■ **WORK ITEM**
When the word "Best" appears in a line of the data below, list that line.

■ **DATA**
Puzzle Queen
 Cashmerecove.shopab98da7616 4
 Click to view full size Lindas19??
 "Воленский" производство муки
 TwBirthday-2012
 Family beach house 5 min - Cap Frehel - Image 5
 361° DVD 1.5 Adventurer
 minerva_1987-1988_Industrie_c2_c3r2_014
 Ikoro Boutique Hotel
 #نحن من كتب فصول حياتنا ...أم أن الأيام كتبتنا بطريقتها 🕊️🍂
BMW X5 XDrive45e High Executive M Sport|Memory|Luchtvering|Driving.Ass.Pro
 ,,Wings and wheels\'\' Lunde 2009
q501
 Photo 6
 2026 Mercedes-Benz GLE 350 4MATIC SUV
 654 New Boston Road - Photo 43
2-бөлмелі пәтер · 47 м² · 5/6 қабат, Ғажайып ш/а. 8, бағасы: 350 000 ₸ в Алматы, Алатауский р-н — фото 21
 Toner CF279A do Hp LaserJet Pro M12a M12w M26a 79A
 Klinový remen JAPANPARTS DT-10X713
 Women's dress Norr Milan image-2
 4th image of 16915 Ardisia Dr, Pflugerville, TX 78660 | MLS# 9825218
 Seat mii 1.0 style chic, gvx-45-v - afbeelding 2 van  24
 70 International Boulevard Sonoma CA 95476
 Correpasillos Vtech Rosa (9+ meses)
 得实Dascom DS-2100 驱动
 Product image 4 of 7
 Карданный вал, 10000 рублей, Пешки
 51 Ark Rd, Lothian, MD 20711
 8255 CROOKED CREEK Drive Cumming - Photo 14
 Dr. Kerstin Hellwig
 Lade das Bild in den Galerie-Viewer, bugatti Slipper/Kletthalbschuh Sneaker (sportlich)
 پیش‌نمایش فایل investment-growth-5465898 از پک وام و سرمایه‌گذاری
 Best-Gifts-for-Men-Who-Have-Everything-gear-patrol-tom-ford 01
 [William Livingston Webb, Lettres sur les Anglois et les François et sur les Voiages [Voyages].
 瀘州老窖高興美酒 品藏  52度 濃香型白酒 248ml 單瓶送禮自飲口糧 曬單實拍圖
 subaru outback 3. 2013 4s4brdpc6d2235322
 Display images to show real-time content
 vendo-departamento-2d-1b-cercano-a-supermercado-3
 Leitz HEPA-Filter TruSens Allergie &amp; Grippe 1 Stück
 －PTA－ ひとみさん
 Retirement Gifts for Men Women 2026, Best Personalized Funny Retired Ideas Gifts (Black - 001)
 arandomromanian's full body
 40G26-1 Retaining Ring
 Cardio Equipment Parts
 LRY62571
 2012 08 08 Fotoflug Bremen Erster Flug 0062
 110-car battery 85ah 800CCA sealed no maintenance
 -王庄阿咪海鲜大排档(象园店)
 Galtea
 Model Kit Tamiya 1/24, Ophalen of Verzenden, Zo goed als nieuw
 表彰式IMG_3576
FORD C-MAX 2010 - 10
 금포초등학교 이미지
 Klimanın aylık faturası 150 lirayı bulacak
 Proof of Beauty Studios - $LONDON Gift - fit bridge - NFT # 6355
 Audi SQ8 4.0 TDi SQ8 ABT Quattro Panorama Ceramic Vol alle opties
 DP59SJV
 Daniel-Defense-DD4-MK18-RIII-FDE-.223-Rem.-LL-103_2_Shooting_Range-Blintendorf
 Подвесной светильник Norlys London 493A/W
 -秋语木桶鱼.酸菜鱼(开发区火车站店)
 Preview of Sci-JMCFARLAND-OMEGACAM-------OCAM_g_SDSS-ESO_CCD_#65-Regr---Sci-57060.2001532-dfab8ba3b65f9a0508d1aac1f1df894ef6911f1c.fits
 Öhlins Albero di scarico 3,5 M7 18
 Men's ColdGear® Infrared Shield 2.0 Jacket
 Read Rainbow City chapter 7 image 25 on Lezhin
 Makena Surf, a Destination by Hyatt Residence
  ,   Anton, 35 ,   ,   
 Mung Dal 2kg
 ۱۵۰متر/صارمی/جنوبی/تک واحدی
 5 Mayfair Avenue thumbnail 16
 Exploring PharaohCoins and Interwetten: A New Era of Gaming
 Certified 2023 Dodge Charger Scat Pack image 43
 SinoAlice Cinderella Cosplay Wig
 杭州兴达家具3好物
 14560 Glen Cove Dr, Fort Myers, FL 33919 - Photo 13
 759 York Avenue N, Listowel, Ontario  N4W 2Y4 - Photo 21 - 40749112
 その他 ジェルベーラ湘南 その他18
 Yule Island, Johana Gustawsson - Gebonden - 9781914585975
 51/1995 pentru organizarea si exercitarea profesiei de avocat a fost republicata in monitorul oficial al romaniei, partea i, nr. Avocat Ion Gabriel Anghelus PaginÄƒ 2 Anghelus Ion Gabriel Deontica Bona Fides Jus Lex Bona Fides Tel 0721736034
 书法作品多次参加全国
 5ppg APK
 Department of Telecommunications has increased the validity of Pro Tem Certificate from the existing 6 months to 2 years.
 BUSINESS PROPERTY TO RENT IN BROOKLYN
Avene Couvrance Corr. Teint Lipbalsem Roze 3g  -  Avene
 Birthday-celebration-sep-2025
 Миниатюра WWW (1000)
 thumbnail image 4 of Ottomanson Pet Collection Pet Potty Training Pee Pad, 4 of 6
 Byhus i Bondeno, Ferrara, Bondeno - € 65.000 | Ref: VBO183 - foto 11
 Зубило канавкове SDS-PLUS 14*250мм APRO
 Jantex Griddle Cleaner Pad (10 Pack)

■ **ANSWER BOX**
 Best-Gifts-for-Men-Who-Have-Everything-gear-patrol-tom-ford 01
 Retirement Gifts for Men Women 2026, Best Personalized Funny Retired Ideas Gifts (Black - 001)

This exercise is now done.